# WHAT IS EXPECTED:
Please retype the records below exactly, from the first line through the line containing "Six Pack Matte", and leave out any pictures.

# TASK MATERIAL:
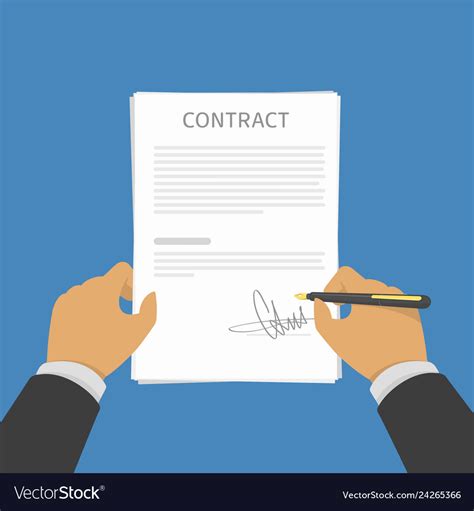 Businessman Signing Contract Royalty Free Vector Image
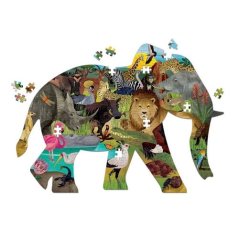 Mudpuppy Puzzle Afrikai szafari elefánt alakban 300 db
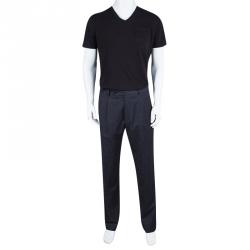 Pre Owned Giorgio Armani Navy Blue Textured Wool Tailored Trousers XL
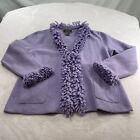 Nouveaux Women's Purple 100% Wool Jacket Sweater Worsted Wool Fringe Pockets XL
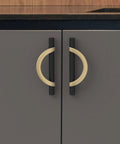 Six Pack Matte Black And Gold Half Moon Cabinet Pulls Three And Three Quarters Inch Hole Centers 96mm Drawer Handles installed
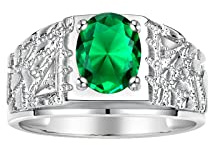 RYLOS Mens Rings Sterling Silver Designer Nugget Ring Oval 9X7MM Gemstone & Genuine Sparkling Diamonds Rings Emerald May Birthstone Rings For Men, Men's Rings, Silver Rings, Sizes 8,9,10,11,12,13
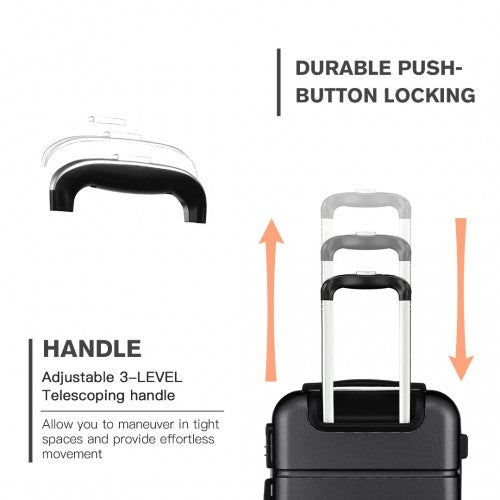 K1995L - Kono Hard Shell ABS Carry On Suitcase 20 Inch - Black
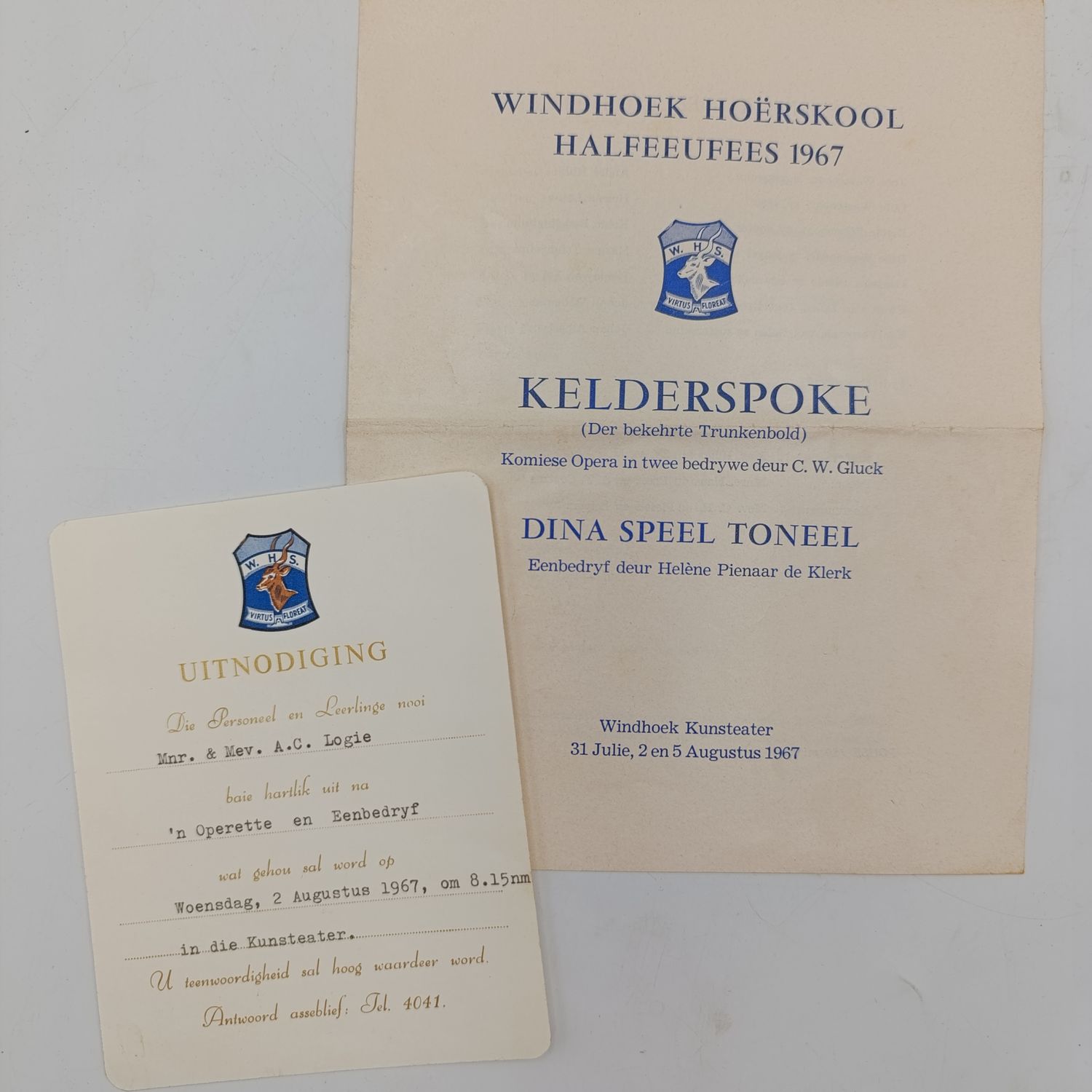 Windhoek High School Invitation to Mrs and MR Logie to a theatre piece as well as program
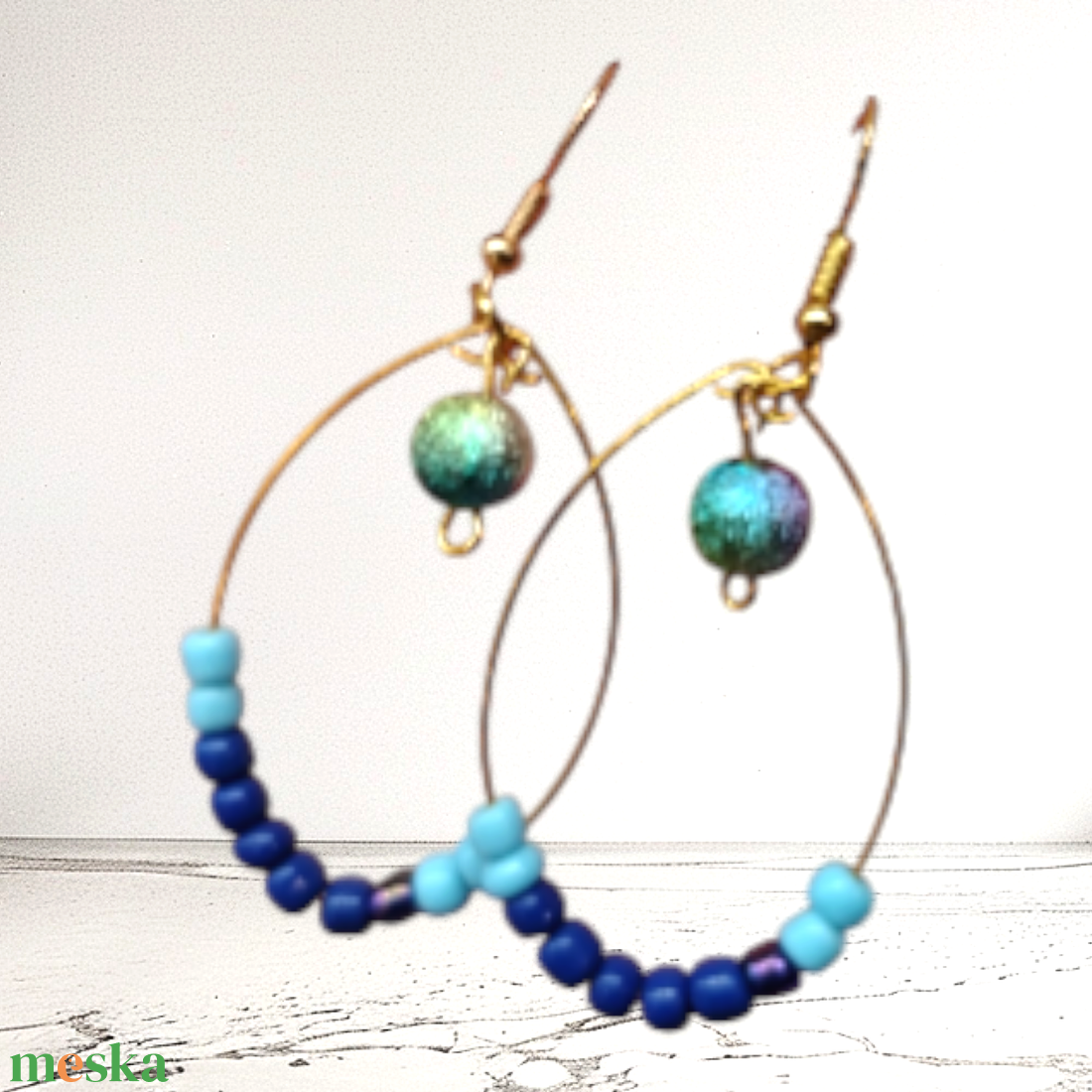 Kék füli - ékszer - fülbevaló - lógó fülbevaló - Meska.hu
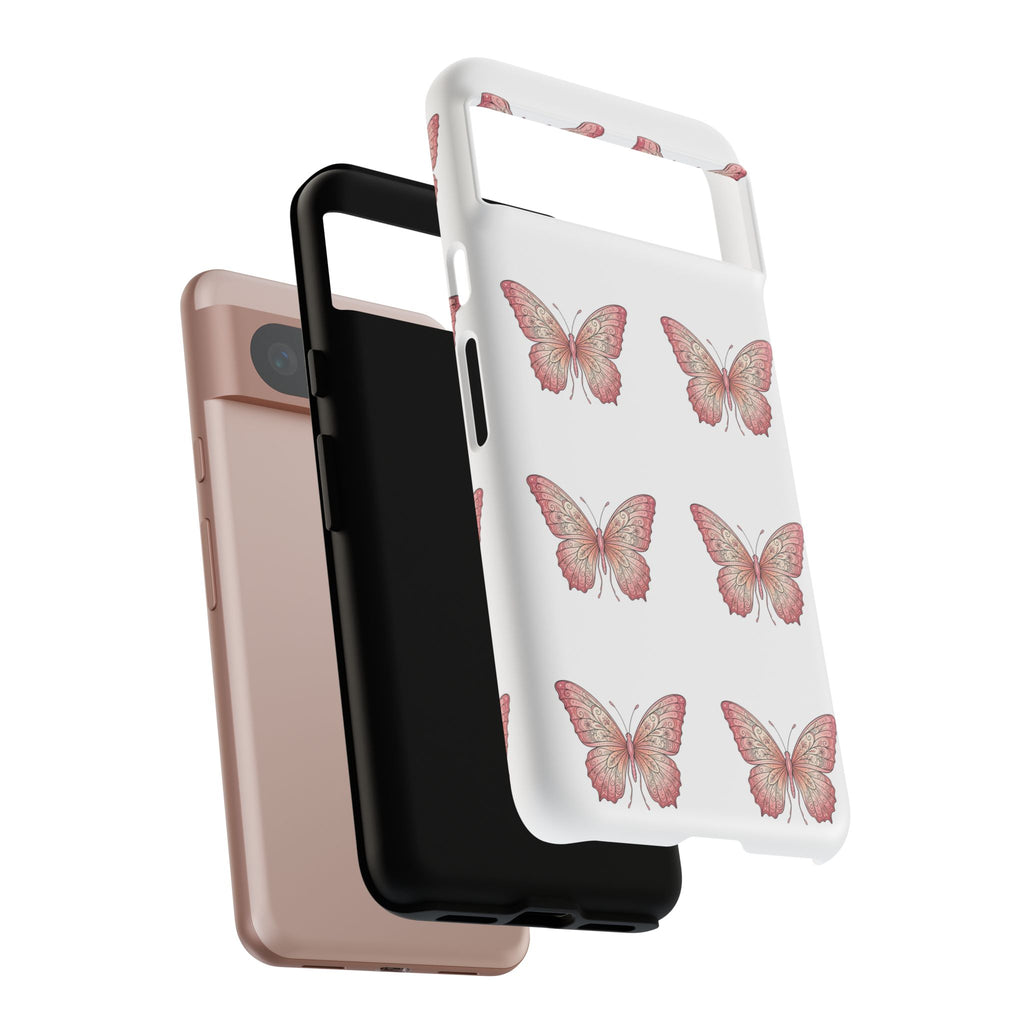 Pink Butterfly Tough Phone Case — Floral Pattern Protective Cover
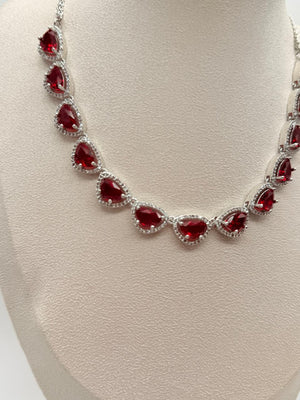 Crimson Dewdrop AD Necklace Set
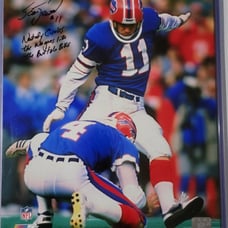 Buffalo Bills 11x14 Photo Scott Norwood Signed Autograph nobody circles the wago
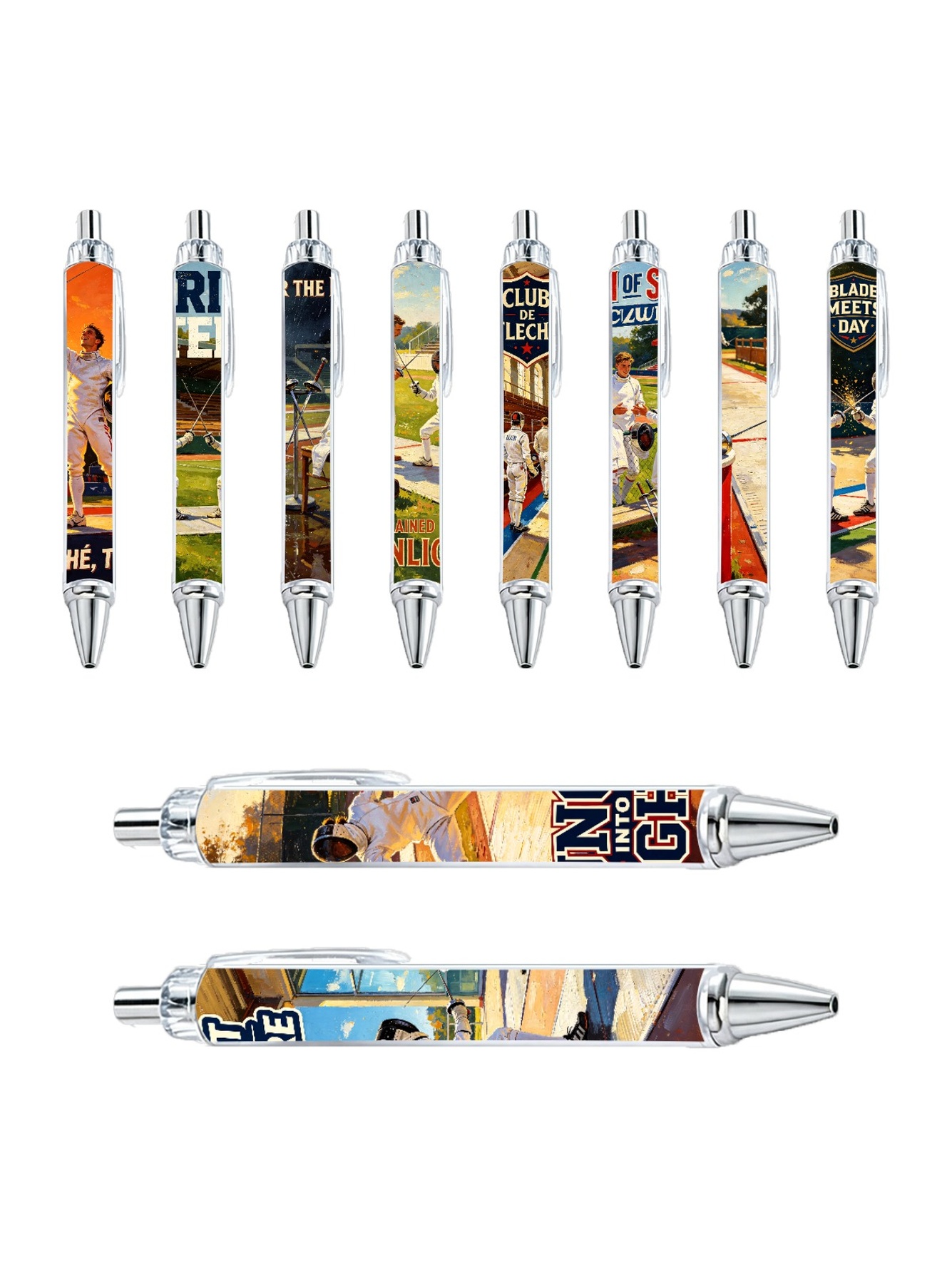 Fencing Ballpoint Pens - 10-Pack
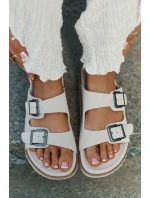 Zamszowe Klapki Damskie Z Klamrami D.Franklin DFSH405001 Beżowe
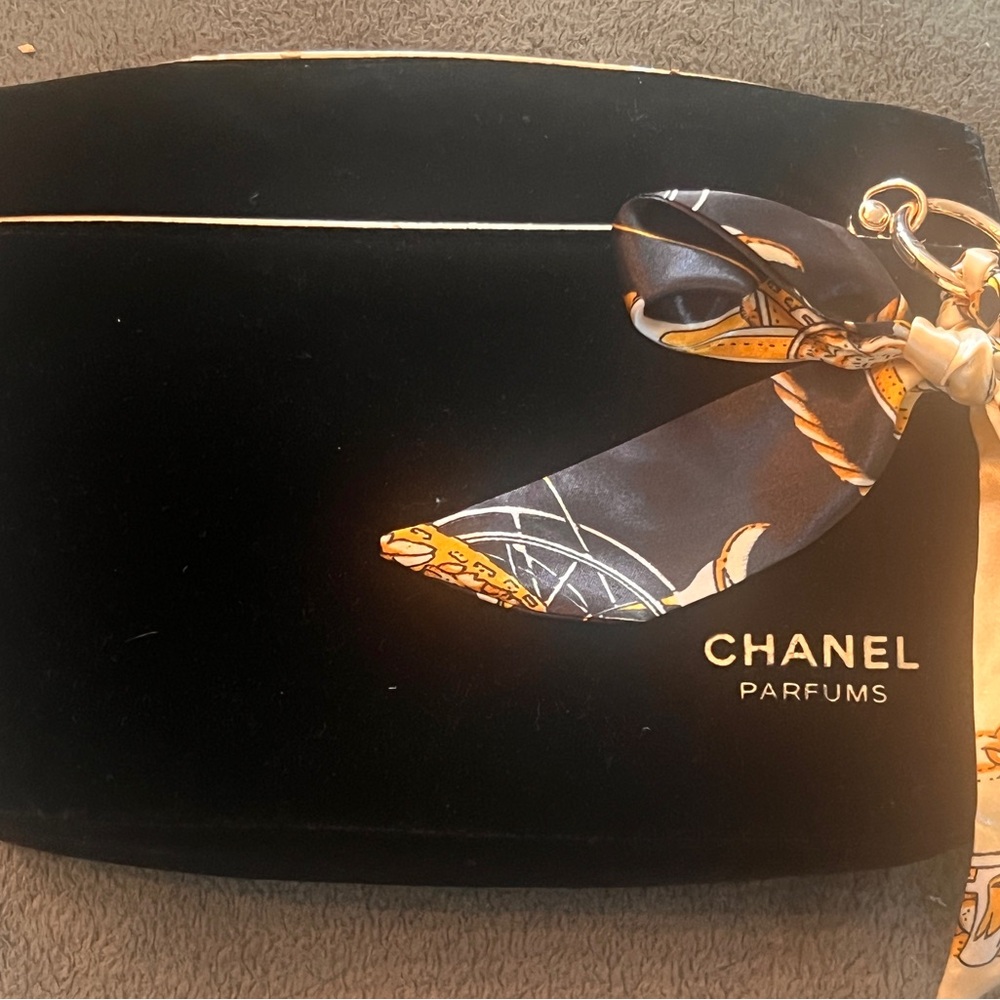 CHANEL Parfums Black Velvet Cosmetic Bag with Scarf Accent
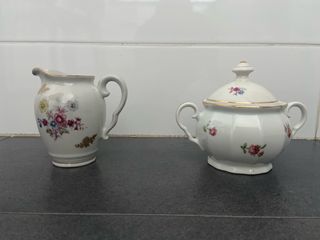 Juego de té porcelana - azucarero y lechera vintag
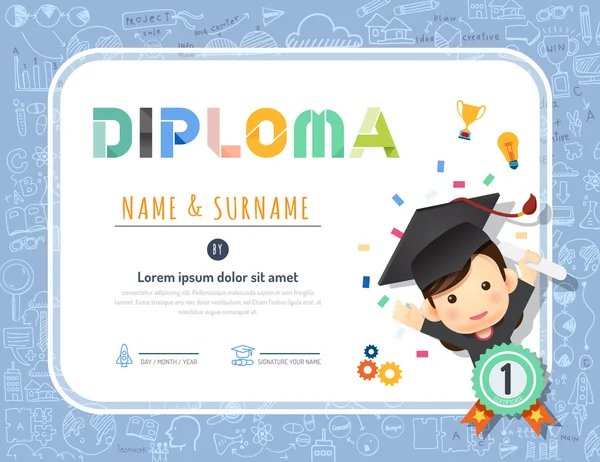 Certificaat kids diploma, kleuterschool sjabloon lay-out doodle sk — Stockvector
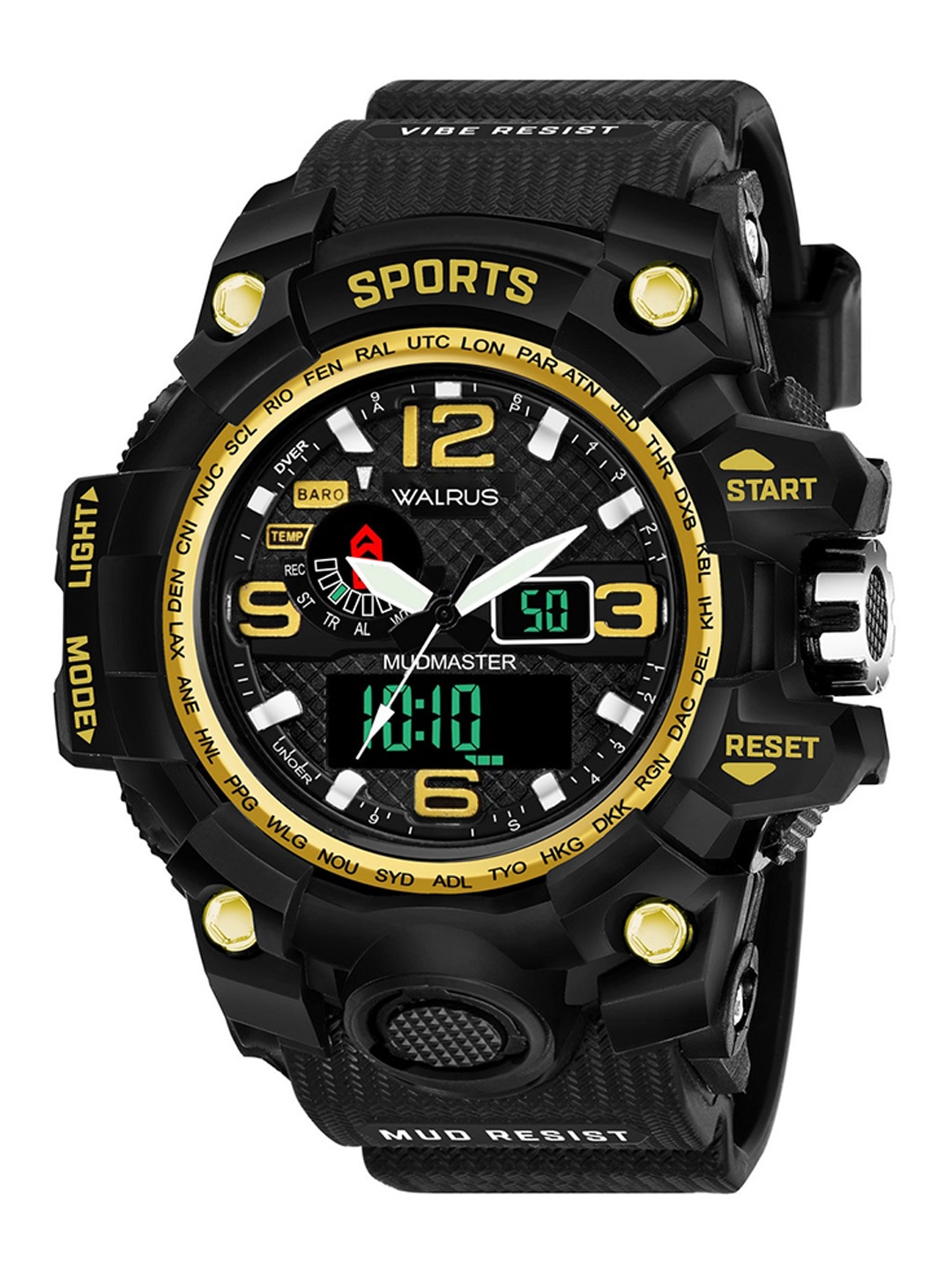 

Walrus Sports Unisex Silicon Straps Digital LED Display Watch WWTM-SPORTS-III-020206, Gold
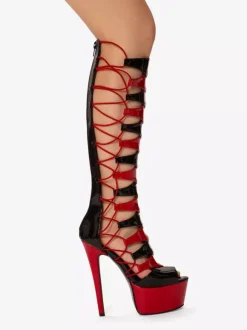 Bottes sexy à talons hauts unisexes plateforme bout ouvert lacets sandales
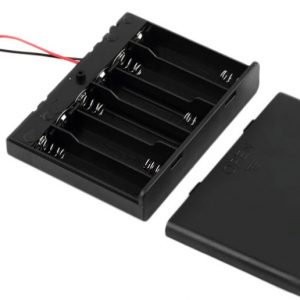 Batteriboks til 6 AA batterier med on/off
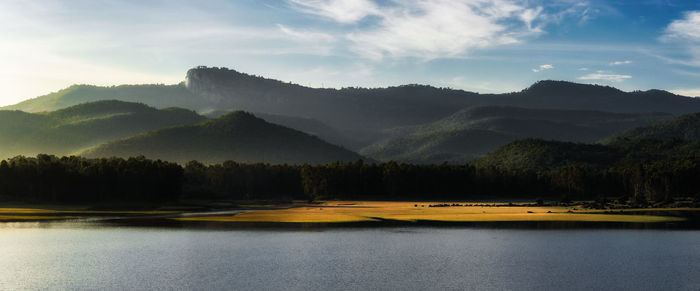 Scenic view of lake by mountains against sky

# ANSWER SECTION:
 Businessman Signing Contract Royalty Free Vector Image
 Mudpuppy Puzzle Afrikai szafari elefánt alakban 300 db
 Pre Owned Giorgio Armani Navy Blue Textured Wool Tailored Trousers XL
 Nouveaux Women's Purple 100% Wool Jacket Sweater Worsted Wool Fringe Pockets XL
 Six Pack Matte Black And Gold Half Moon Cabinet Pulls Three And Three Quarters Inch Hole Centers 96mm Drawer Handles installed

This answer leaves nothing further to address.